Good animal welfare encompasses the fulfilment of an animal’s physical, psychological and emotional needs. Being fed a suitable diet is a given for good animal welfare, yet in the circus environment animals may be denied their normal meals in order that they better perform tricks and behaviours – motivated by food rewards. Good welfare states a suitable environment should be provided for an animal, this covers anything from the correct lighting and heating to being housed in an appropriate social or family group. The set-up of a circus is such that animals are moved around the country, sometimes even between countries, which involves being housed in secure, easily transportable accommodations. These are almost always wholly lacking in regards to the animal’s normal environment, they provide little or no opportunity for exercise, socialisation or for the animal to perform any of their normal daily routines.
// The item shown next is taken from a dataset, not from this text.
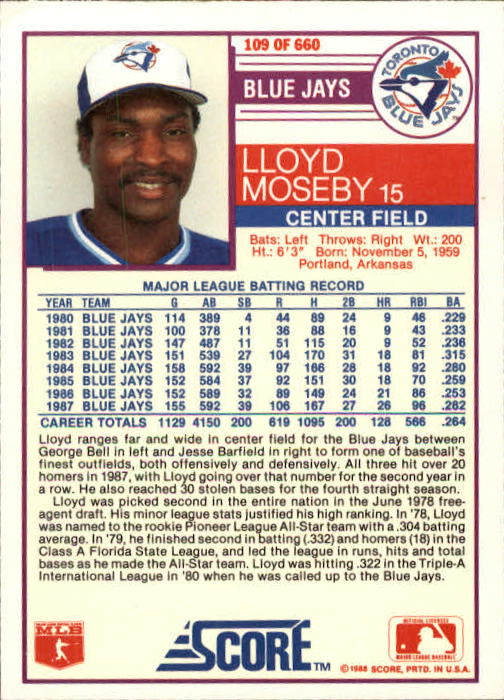 1988 Score #109 Lloyd Moseby back image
They are, quite simply, just boxes, where they eat, sleep, and languish, taken out to perform and entertain, then put back until the next show.
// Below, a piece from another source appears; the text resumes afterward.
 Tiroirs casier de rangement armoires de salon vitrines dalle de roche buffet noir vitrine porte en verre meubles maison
The ‘affective state’ or psychological well-being of an animal is also paramount for positive welfare – an animal’s overall subjective feelings and experiences, their positive or negative emotional states and the balance of the two are key. So ask yourself, how does that polar bear feel when a tight metal muzzle is placed around its mouth? The polar bear who does not instinctively walk on its hind legs. The polar bear that is hit while young, so as to submit – because that polar bear in the wild can kill a seal with one swipe of a forepaw. And what exactly are that group of monkeys thinking when they’re riding round and round on bicycles, a group of monkeys that use their prehensile tails to live an arboreal life, swinging and climbing, grasping food and grooming each other high up in the canopy.
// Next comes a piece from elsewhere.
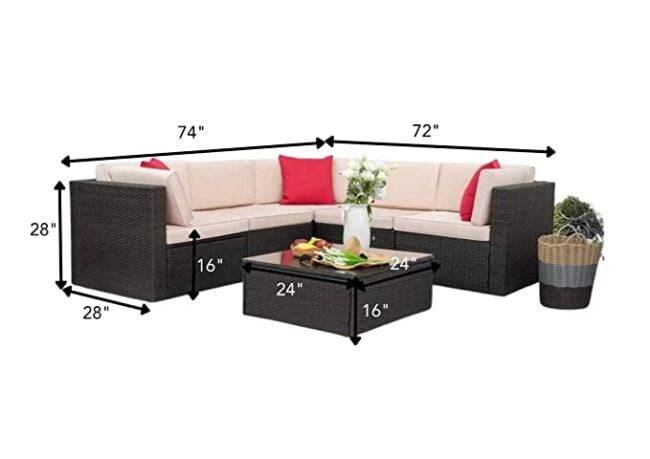 DEVOKO 3-Piece L-Shape Outdoor Patio Furniture Set: Dark Brown & Cream - Image 2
And finally, consider just what goes through the tiger’s mind when it is forced, with a whip if necessary, to jump through that ring of fire, when every instinct is telling it to flee. It’s fire, it’s danger, run! In the wild fire breaks out and animals run for their lives, they move to safety, they get far, far away. So just what force does it take to ignore those instincts and jump head first into that fire. It takes human force. It takes the absence of any kind of measurable, acceptable animal welfare practices. Circuses provide nothing for animals but an unnatural environment, and when it comes to an animal’s welfare, that’s enough to know they can never be a suitable place for them.